Отвратительное: подсмотренная в детстве сцена “случки” (“или любви?”) соседки с квартирантом-армянином; рифмующийся с ней коитус инвалидов в больничном саду; “на кучах арбузов спят бесформенные голоногие торговки”; “пьяная тетка, охая, катит скрипучую детскую коляску с безобразным скарбом”. И т. д.
Любимое: папин душистый мотоцикл “Урал”; мамино лицо с прекрасно прорезанными ноздрями... Хотя бы выжившая из ума Магда, бабушкина сестра, что-то ритмически бормочущая про “град на Брянщине, ливневые дожди”.
Отвратительное съедает любимое и любовь — но в конце концов растворяется ею.
Чтобы это произошло, герой должен пройти своего рода инициацию — инициацию насилием (дурацкая ссора в молодежном “артистическом” кафе, странная драка: “...быть оглушенным колотьем своего сердца... поднимать с асфальта этого Чамбена... хрипеть что-то в его рот, касаться своими губами его губ: ничего, брат-брат, ничего-ничего — и бить-бить-мочить-мочить снова-снова расплывшуюся туманную розетку его рта...”) и инициацию сексуальную. Но катарсис наступает в эпизоде 33, когда полусумасшедшая, дряхлая Магда извлекает на свет пожелтевшую фотографию: молодая бабушка, молодая женщина по имени Элик, обнаженная, в лодке на Волге. В этот момент внутренняя связь между живым внуком и мертвой бабушкой достигает предельной интенсивности, преодолевая запреты родства и принимая почти инцестуальные формы (или скорее происходит внутреннее отождествление бабушки и внука). Границы “я” размываются. В конце книги герой погружается в бездну боли, развоплощения, унижения: “Я захожу в телефонную будку, разбередив лужу мочи на полу, подношу к уху трубку, у которой отломана половина, мне кажется, что я звоню тебе... Но что я могу сказать тебе, кроме того, что попал в аммиачный плен и сам усугубляю это дело, проливаясь собой, своей субстанцией в тот смрадный мир, где меня нет...” Автор оставляет его в этот момент — меняющегося, растерянного и готового к восхождению. Как Иаков перед битвой с ангелом, он “отстаивает право... на ничтожную оценку собственной жизни”.

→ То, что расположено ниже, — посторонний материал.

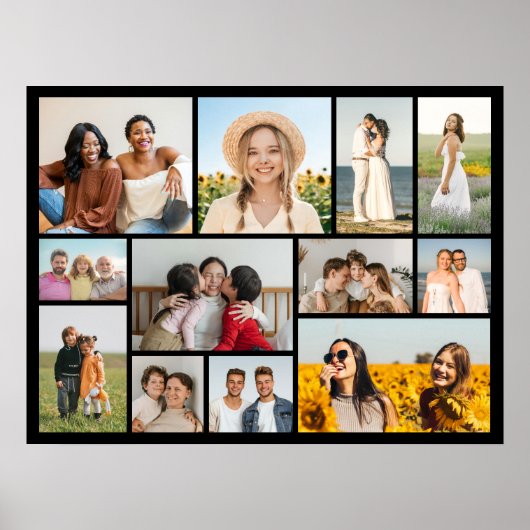 Maak Je Eigen 12 Foto Collage Poster (Voorkant)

Но тот, с кем предстоит бороться, “исчезает во тьме”.
Такую книгу написал Николай Кононов. Написал многословно, избыточно. Это многословие, как ни странно, привлекательно: скользя вокруг главного, порою чувственно касаясь его, легкие и пахучие слова намекают на глубины выразительнее расхожих пауз. Но есть в книге два-три места, может быть, две-три фразы, где свойственный всякому fin de si и cle налет безвкусицы все же бросается в глаза (“Эпидерма Психеи. Или Селены... Манящий зов ее взора”.) Сомнительнее всего имя героя — Ганимед. Его бытовая нелепость (“Ганимед Иванович”?) не обыграна, прямая отсылка к мифу в эпизоде с “другом Валей” натянута; здесь, как и еще несколько раз, возникает ощущение грубой, возможно намеренной, но все равно неуместной дисгармонии, нарушающей ткань глубокой, тонкой и трагической книги.
Валерий ШУБИНСКИЙ.
С.-Петербург.
Ганимед и Паламед
ГАНИМЕД И ПАЛАМЕД
П охороны кузнечика” — роман в тридцати семи эпизодах с прологом и эпилогом — надсадное и жутковатое повествование о смерти: не столько о затянувшемся, мучительном для близких угасании любимой бабушки, воспринимаемом с позиции ее уже взрослого внука, сколько о Смерти как об идее, метафизической величине, важнейшей категории запредельного.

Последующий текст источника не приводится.